Provided material Start Marker

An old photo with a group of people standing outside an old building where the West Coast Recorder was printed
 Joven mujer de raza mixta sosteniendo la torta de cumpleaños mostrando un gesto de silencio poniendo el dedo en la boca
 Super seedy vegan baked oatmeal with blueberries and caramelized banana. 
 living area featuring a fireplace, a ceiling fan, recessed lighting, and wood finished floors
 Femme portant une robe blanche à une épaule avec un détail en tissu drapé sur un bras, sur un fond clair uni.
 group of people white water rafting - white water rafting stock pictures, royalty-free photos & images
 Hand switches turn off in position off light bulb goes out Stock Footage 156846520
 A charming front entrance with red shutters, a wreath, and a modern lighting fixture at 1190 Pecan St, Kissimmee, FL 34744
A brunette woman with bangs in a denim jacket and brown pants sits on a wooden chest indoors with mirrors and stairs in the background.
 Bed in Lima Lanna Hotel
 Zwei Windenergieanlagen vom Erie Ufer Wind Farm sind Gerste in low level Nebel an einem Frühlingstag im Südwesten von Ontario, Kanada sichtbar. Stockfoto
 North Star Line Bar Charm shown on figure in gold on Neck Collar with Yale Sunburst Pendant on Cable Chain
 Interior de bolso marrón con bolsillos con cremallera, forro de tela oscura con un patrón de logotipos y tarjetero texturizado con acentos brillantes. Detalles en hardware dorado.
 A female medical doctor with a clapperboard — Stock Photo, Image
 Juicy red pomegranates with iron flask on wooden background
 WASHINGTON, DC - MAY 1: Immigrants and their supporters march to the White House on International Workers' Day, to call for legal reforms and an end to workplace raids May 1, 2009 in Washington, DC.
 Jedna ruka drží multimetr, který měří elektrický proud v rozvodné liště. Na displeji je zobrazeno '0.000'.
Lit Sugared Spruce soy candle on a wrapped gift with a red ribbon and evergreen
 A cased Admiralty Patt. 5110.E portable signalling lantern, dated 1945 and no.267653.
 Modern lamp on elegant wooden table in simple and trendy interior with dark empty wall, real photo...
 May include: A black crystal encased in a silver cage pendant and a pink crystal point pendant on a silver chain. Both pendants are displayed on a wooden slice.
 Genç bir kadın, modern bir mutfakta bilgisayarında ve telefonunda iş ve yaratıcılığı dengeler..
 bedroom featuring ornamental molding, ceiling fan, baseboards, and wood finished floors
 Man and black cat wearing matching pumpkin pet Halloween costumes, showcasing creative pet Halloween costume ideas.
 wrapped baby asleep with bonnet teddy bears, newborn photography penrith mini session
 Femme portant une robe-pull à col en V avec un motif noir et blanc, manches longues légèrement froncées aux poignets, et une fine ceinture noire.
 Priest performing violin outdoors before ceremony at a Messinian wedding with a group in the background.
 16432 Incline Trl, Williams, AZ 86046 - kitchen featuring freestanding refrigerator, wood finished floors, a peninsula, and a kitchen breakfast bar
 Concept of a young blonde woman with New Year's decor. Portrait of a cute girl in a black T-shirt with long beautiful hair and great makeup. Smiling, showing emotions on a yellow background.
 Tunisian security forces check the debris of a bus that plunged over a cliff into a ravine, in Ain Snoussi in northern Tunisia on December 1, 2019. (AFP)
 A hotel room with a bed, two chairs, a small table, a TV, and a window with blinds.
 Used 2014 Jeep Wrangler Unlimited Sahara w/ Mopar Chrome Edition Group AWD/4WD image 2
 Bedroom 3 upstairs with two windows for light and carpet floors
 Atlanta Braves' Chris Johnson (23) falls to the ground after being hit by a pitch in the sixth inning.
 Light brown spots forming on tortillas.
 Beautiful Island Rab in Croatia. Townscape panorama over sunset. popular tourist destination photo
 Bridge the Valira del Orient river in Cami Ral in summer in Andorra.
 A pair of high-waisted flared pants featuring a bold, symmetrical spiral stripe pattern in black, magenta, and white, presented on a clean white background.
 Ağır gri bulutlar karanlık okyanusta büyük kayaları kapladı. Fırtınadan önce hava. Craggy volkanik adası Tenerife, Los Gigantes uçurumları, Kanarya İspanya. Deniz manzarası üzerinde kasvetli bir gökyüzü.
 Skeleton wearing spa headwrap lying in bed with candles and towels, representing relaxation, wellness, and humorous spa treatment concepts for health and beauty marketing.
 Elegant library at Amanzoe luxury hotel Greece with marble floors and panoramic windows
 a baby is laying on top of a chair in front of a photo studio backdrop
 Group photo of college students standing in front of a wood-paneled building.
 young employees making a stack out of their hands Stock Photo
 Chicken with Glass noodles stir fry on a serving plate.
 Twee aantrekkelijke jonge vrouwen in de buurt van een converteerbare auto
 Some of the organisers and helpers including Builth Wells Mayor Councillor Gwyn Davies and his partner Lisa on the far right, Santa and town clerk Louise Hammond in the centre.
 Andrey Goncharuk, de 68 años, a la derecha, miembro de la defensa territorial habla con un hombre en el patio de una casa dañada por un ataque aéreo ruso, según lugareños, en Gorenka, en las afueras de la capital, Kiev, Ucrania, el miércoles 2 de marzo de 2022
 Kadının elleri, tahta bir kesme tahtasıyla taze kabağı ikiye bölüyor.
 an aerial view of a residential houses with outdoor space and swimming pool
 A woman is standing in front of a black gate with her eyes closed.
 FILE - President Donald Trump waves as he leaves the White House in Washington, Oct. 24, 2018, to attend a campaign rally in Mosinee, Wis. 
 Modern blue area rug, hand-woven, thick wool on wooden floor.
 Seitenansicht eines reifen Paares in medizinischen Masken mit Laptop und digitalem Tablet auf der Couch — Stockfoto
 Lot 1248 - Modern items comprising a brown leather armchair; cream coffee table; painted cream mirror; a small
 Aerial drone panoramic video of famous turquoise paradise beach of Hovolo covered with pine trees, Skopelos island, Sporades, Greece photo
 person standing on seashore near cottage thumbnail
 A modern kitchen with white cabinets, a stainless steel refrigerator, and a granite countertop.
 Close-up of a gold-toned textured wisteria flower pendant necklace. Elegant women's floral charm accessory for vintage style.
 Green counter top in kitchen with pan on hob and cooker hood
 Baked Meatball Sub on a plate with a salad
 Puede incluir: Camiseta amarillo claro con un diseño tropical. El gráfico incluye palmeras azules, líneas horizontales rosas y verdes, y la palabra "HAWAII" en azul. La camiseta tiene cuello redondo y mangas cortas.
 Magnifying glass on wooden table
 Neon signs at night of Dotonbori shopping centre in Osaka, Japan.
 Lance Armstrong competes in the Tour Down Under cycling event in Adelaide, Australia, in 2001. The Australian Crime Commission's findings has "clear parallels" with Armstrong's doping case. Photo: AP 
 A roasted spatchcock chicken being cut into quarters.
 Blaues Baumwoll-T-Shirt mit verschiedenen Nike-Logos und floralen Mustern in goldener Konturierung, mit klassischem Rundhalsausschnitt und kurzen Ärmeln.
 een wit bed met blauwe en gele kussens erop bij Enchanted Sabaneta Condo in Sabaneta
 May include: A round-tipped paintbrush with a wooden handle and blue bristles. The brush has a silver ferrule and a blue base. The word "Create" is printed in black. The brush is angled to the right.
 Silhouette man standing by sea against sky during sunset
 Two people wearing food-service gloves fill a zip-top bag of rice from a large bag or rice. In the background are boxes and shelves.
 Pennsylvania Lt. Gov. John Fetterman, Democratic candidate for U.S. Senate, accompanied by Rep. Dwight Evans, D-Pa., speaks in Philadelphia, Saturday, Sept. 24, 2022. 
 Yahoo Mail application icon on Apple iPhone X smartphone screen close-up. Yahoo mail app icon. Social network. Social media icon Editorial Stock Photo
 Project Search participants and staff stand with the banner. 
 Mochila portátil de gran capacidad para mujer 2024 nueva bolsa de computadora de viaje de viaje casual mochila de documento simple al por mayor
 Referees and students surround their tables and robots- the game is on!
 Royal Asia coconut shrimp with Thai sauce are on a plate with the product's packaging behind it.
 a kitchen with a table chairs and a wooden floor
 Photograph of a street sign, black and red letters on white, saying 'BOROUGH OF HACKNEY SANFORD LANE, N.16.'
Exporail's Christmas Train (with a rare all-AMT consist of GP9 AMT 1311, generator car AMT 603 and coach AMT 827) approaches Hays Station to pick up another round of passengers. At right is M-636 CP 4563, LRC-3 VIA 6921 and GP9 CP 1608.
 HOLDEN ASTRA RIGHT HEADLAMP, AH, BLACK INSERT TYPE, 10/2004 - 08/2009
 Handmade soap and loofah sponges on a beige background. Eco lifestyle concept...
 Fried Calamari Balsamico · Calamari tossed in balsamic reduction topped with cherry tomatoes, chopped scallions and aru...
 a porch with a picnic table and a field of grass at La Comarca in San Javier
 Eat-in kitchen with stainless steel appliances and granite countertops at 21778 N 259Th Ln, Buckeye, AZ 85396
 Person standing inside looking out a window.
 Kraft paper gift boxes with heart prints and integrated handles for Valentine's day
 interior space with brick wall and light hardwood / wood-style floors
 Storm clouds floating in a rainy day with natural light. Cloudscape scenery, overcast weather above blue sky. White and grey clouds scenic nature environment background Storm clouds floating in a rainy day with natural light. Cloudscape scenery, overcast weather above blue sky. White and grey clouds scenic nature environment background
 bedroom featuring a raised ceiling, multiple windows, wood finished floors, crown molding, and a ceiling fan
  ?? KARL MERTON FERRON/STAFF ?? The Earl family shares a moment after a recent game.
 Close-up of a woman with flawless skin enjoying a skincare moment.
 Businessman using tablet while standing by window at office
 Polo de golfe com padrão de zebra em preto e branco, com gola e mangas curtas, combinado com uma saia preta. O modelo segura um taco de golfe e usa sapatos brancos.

Provided material End Marker

• Task instructions:
Begin with the first line of the listing and copy exactly through the line that contains "Juicy red pomegranates", please, keeping both ends and leaving out everything after.

• Solution to the problem:
An old photo with a group of people standing outside an old building where the West Coast Recorder was printed
 Joven mujer de raza mixta sosteniendo la torta de cumpleaños mostrando un gesto de silencio poniendo el dedo en la boca
 Super seedy vegan baked oatmeal with blueberries and caramelized banana. 
 living area featuring a fireplace, a ceiling fan, recessed lighting, and wood finished floors
 Femme portant une robe blanche à une épaule avec un détail en tissu drapé sur un bras, sur un fond clair uni.
 group of people white water rafting - white water rafting stock pictures, royalty-free photos & images
 Hand switches turn off in position off light bulb goes out Stock Footage 156846520
 A charming front entrance with red shutters, a wreath, and a modern lighting fixture at 1190 Pecan St, Kissimmee, FL 34744
A brunette woman with bangs in a denim jacket and brown pants sits on a wooden chest indoors with mirrors and stairs in the background.
 Bed in Lima Lanna Hotel
 Zwei Windenergieanlagen vom Erie Ufer Wind Farm sind Gerste in low level Nebel an einem Frühlingstag im Südwesten von Ontario, Kanada sichtbar. Stockfoto
 North Star Line Bar Charm shown on figure in gold on Neck Collar with Yale Sunburst Pendant on Cable Chain
 Interior de bolso marrón con bolsillos con cremallera, forro de tela oscura con un patrón de logotipos y tarjetero texturizado con acentos brillantes. Detalles en hardware dorado.
 A female medical doctor with a clapperboard — Stock Photo, Image
 Juicy red pomegranates with iron flask on wooden background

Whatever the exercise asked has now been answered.